If Florida was a country, it would be the No. 17 largest in the world.
Florida’s economy keeps on notching victories. The latest triumph: The state’s GDP surpassed $1 trillion — a new milestone.
To digest that figure another way, consider this: Florida’s economy is now the No. 17 largest in the world, ahead of Saudi Arabia, the Netherlands, Switzerland and Argentina, according to a statement from the Florida Chamber Foundation. It’s reminiscent of a American Enterprise Institute report from 2016, when Florida’s GDP of $883 billion was about the same as Indonesia, which was at $859 billion. The gap? Florida’s workforce, 9.3 million people, was a fraction of Indonesia’s 115 million employees.
Florida Chamber Foundation Chief Economist Jerry Parrish, in the new chamber foundation report, says Florida adds $2.74 billion each day to the state’s GDP. “Becoming a $1 trillion economy means Florida is continuing to grow and create jobs, keeping unemployment lower than the national average, and creating economic opportunity,” says Parrish in the release.
The $1 trillion mark comes on the heels of a 2017 study from the Federal Reserve Bank of Atlanta, which stated Florida held a 5% share of the U.S. GDP. That trumped Georgia, which posted a 2.8% share. Other Southern states, including Tennessee, Louisiana, Alabama and Mississippi, didn’t even combine to reach Florida’s 5% share, the report showed.
Of course, GDP, while key, is only one economic indicator of a state’s overall economic health.
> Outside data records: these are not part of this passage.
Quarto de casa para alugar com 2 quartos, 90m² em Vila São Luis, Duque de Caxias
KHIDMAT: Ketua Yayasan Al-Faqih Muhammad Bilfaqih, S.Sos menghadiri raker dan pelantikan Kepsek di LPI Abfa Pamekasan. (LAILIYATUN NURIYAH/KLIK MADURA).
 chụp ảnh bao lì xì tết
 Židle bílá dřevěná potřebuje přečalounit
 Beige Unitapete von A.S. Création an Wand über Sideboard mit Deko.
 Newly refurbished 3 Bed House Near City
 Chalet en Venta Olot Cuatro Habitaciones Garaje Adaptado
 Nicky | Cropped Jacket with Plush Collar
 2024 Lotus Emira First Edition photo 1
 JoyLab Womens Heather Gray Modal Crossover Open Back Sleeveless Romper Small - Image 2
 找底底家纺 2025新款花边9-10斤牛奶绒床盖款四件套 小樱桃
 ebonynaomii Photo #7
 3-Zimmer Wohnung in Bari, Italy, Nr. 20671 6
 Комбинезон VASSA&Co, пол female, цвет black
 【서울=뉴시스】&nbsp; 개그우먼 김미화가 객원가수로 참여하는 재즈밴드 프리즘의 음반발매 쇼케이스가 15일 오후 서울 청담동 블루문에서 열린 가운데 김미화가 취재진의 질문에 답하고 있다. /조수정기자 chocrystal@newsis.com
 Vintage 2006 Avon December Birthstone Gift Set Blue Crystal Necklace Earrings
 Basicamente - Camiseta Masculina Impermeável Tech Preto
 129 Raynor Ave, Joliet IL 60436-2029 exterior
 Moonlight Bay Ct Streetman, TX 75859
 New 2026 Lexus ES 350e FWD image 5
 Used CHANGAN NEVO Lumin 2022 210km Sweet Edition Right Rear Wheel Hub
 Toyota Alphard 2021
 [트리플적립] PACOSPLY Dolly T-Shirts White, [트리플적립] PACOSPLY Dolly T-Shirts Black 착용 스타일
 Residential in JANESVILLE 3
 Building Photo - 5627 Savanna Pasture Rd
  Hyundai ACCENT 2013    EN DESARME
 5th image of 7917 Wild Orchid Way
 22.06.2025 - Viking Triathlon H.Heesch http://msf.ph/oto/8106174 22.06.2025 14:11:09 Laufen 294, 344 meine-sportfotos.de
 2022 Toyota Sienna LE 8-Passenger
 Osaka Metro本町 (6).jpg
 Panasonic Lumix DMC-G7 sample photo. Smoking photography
There remain some clouds in the Sunshine State’s economic landscape, according to the chamber foundation’s Florida 2030 research initiative. For one, 43% of third graders aren’t reading at or above grade level, the report states. And the state’s 14.8% poverty rate includes 21.3% of children under 18. “While Florida is better than most states in these areas,” states the report, “the Florida Chamber will continue to lead reforms that create economic opportunity.”